# Is my wpg ok on 260 litre tank?



## Pinkmummy79 (31 Mar 2013)

I have a Fluval Vicenza 260l tank currently lit by 2 x 39 W T5's with reflectors.

are my calculations correct and is my lighting ok as I am suffering some ongoing issues and trying to rule out certain things like flow/circulation, c02 distribution and lighting.

260 l = 67.6 US Gallons
2x39w = 78 watts
78 / 67.6 = 1.15 wpg? am I doing this right?

I have presurised c02 running from a 2kg FE, JBL adjustable pressure reg and solenoid running 3bar pressure through an easy aqua super atomiser, co2 is running from 2pm til 9.30pm with lights on at 5pm and off at 11pm (6 hr photoperiod) drop checker is yellow at lights on and at max for fish/shrimps.

Filter is fluval 305 which isn't great for flow/distribution but is doing great job filterwise, due to the possible low flow/distribution I have added 2 x powerheads at each end of the tank to aid this, c02 bubbles can be seen all over tank with good sway/movement to flora.

Dosing ei solution 5 days and carry out 50% water changes at least weekly, but have been doing 2 x weekly 50% changes for past 3 weeks, am suffering with some bba and staghorn on bogwood and some plants, i've also been adding double dose of Neutro c02 liquid c02 for the past 3 weeks, it's difficult to spot dose this to the hardscape as it's quite large and in order to reduce the water level to gain access to the bogwood I would need to remove approx 190 lites of water.

I'd like to know if my lighting is too high as I can't increase my bubble count of co2 it's running so fast at the moment i can't count it. Some of my plants have just started to melt, losing leaves, becoming translucent an have holes in them, if my lighting is too high I can obviously reduce the co2 to try and balance things better if I had lower wattage lights, i've tried to read everything I can especially from Clive and I know it points to c02 uptake? but i'm unsure now of what to tweak to try and make things for the better.

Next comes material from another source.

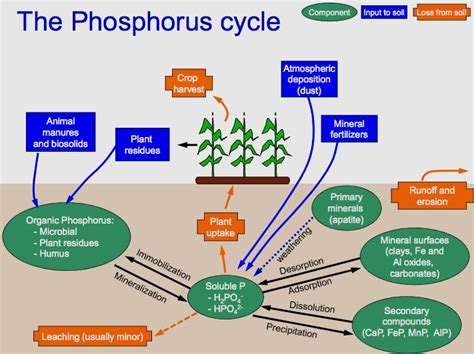 Reveal the answer to this question whenever you are ready. Phosphorus cycle - Wikiwand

Tubes i'm using are 2 x 850ml Sylvania 39W T5, tank is 260 litres and 4 foot

any direction would be greatly appreciated

oh, and i've now been test kit free for 2 weeks and feeling great!


----------



## Henry (1 Apr 2013)

What method of co2 diffusion are you using? Which plants have melted?


----------



## martinmjr62 (1 Apr 2013)

Hi,i'm certainly no no expert on lighting (not even sure mines ok) but from what i've learnt in the short time that i've been keeping a planted tank is that the flow and distribution of the c02 is very important. I would say that one 305 on a 240 litre tank is not enough ,i run 2 405's on my Jewel Rio180. Also you mention that you have 2 powerheads at each end of the tank. If i read this correctly i take it that you have 1 powerhead each side but if this is the case and they are pointing at each other you will get conflicting flow in the tank .Is the 305 running a spray bar or an outlet. I'm sure that others on here with far greater knowledge and understanding will also give you advice. Your co2 sounds ok but it probably isn't reaching everywhere it needs to
Hope this helps
Stick with it, i assure you it does get easier 
Cheers
Martin


----------



## Pinkmummy79 (1 Apr 2013)

as mentioned co2 is being diffused through an easy aqua super atomiser creating a very fine mist, both powerheads are positioned so the flow is in a circular direction clockwise to assist the filter outflow pipe in the same direction, flow is good all around the tank, as my tank is drilled, my filter outflow is in a fixed position although I can direct the nozzels wher I want, I haven't been able to source a suitable spray bar and as the filter on it's own isn't powerful enough, hasn't the velocity to provide the push needed for the length of the tank (4 feet) I have tried with the option of powerheads to improve flow and distribution.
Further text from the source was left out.